In February 2012, Netflix released its first original show, then, Amazon Prime and Hulu followed suit. It only made sense for YouTube, which had been a video-sharing social network since ’05, to join the fray in the fall of ’15 with YouTube Red; however, as far back as ’10, plans were being laid for Rooster Teeth’s first feature with ideas of Sci-Fi Action in the vein of movies Burns grew up with like 1992’s The Mighty Ducks and 1993’s Cool Runnings.
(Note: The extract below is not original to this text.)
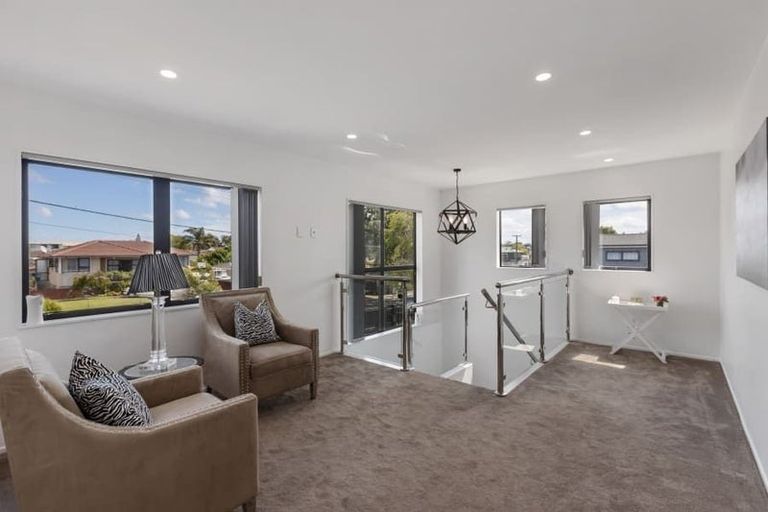 Photo of property in 19a Muir Avenue, Mangere Bridge, Auckland, 2022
Surprisingly, the production value of Lazer Team is shot pretty well, considering it only had a 40-day shooting schedule. However, it had a healthy budget of $2.4 million gained by an Indiegogo site fundraiser, which became the highest amount gained for the site. Sadly, the crew making the movie did not seem to believe in their product after its completion, because instead at least a limited release, they did an “on demand” release. This means that a group of people had to ask for the movie to be shown, then, the crew had to find a theater that would show the movie just for one showing to said audience. The movie pulled four hundred eighty screenings plus an additional thirty-five screens traditionally released. Unfortunately, the movie bowed in the red financially. Although reportedly shot on location at the Austin National Guard Armory and the University of Texas at Austin and New Mexico, Lazer Team looks like it was filmed on dressed up soundstages. In all fairness, it could be the stock film to give the movie that over the top, high definition Mighty Morphin Power Rangers (1995) look and Starship Troopers (1997) scene set-up.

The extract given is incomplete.